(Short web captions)

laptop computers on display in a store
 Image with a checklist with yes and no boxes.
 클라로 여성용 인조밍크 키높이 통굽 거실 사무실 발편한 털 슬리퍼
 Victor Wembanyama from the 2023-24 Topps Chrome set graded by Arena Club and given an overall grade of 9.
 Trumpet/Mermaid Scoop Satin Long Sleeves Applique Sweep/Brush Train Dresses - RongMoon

**EXERCISE BRIEF:**
Each record must be transcribed exactly, with nothing left out.

**RESPONSE TO THE TASK:**
laptop computers on display in a store
 Image with a checklist with yes and no boxes.
 클라로 여성용 인조밍크 키높이 통굽 거실 사무실 발편한 털 슬리퍼
 Victor Wembanyama from the 2023-24 Topps Chrome set graded by Arena Club and given an overall grade of 9.
 Trumpet/Mermaid Scoop Satin Long Sleeves Applique Sweep/Brush Train Dresses - RongMoon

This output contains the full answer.